Get x , y of drag moded picture box

[joey o.]

I can't believe I can't do this! Any help? I take a picture box and set dragmode to automatic but can't get my Picbox.cursor-position unless I right click! I want to left click and set X to OldX and Y to OldY. I need this to smoothly drop it in the DragDrop sub using:

source.move (X - OldX),(Y - OldY)

Please help!

[joey o.]

I'm bringing this to the top as I was quite late posting. Thanks, hope you all can help.
A friend of mine has just informed me he is having similiar problems with left click on drag of treeview nodes.I really hope you can help us.
Thanks,
Joey O.

[joey o.]

C'mon guys, do you just answer the easy ones?

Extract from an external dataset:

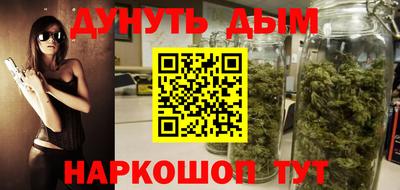 тгк Рыбинск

This is a problem you will eventually run into.Please help me out.

If you set the DragMode to Manual, it might be easier.

Code:

Dim OldX As Single
Dim OldY As Single

Private Sub Form_DragDrop(Source As Control, X As Single, Y As Single)

    Source.Left = X - OldX
    Source.Top = Y - OldY
    
End Sub

Private Sub Picture1_MouseDown(Button As Integer, Shift As Integer, X As Single, Y As Single)

    If Button = 1 Then
        OldX = X
        OldY = Y
        Picture1.Drag
    End If
    
End Sub